If you are new to Austin, you might not be familiar with our winter ways. Never fear, because I am here to help. When the local forecast calls for snow, that means there’s a 97% chance it won’t snow. Regardless, I would encourage you to prepare for a natural disaster, because at a certain point, whether or not it snows becomes irrelevant. The National Weather Service has nudged the snow cornice, and it’s too late to stop the impending avalanche.
Here’s what you should expect in the coming days:
- Children will stay up all night looking out their windows for signs of snow.
- Adults will stay up all night looking at their weather apps for signs of snow.
- Parents and children alike will study the local news stations with fingers crossed, waiting to hear if school will be cancelled. It should be noted that parents’ fingers may be crossed for different reasons than those of their children.
- Local meteorologists across all networks will experience a phenomenon known as a “snowgasm.” If the weather makes national news, prepare for multiple snowgasms.
- All the grocery stores will run out of everything.

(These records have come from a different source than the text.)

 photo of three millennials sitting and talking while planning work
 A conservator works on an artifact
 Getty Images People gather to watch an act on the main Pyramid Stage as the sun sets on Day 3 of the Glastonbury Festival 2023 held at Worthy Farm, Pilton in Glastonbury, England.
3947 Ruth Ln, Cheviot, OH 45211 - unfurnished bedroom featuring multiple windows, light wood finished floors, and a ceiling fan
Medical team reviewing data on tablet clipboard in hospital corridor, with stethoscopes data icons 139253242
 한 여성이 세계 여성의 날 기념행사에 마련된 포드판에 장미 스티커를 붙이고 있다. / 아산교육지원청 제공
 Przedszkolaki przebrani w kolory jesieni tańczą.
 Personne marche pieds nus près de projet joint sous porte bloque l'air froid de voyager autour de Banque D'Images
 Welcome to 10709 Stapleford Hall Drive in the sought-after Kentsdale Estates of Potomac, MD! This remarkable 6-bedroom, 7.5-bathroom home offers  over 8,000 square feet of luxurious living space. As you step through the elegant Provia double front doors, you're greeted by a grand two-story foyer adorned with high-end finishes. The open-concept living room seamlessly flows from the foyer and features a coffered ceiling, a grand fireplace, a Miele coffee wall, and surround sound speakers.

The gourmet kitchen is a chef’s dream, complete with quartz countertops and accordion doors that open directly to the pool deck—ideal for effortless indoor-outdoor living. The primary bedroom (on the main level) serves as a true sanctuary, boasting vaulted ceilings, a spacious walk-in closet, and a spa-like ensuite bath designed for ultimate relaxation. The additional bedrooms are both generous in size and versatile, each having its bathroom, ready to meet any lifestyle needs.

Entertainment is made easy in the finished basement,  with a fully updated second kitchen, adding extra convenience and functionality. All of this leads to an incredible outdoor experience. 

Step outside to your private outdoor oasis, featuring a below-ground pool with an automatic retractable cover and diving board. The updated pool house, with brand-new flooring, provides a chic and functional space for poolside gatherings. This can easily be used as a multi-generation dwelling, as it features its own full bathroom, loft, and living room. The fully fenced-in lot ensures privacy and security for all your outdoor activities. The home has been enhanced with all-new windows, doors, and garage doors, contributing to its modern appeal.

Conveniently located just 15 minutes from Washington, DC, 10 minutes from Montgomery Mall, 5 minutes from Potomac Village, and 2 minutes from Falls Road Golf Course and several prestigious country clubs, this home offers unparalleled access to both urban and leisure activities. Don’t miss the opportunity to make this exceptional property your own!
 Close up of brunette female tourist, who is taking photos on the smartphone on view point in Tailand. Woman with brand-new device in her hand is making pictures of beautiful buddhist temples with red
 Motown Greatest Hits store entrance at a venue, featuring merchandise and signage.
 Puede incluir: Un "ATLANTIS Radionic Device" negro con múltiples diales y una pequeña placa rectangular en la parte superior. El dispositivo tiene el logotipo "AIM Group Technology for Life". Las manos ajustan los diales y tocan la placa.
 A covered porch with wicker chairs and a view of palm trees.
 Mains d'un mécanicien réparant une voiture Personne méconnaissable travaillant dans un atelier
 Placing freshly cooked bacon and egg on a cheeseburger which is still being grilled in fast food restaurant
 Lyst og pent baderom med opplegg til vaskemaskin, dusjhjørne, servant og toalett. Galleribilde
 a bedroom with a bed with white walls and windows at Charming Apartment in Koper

If you choose to stock up on supplies for the 3% chance of waking up with a thin layer of frost on your windshield, I recommend wearing protective gear. It can get pretty ugly in the toilet paper aisle.
- If it rains but does not freeze, people will pretend the rain is sleet and drive accordingly.*
- Plan on recording all your favorite TV shows, as they will be preempted by local news stations showing off their latest ice graphics.
- In the unlikely chance it snows, you will want to dust off all your winter gear, including (but not limited to) coats, boots, moisture-wicking long underwear, neck gators, face masks, snowshoes, snow blowers, St. Bernards and plastic trays (for sliding down Murchison hill).
- If you hail from the south, be sure to investigate the brick-lined hole in the wall where you store your scented candles and National Geographic magazines. There’s a strong possibility this is a fireplace. I highly recommend searching online for instructions on how to use it, because anyone from Austin who claims to know how to work one of those things is a liar. (I’m pretty sure there’s something called a flue that you’re supposed to close up tight to keep all the warmth in, but you should probably call your cousins in New Jersey just to be safe.)
- Make a giant batch of chili (with beans).**
So if you find yourself confused about what to do to prepare for the upcoming disappointment we locals call a “snow day,” feel free to contact me at any hour. I’m sure to be awake, waiting for snow.
*Sometimes the only way to tell if the terrible drivers around you are responding to rain, snow, ice, pollen, pet dander or asphalt under their tires is to check out the facial expressions of the children in the back seat.
**It has been brought to my attention that Texans do not believe in putting beans in chili. Before things get ugly, let me clarify. I meant to suggest that beans would induce tooting, which would warm both you and your loved ones. In retrospect, it was offensive of me to suggest such a crude act. Mixing chili and beans is blasphemous in these parts. Separation of church and state might not be important to Texans, but goddamnit, don’t you go putting beans near my chili. Oh, and farting on your loved ones isn’t nice—it’s hilarious.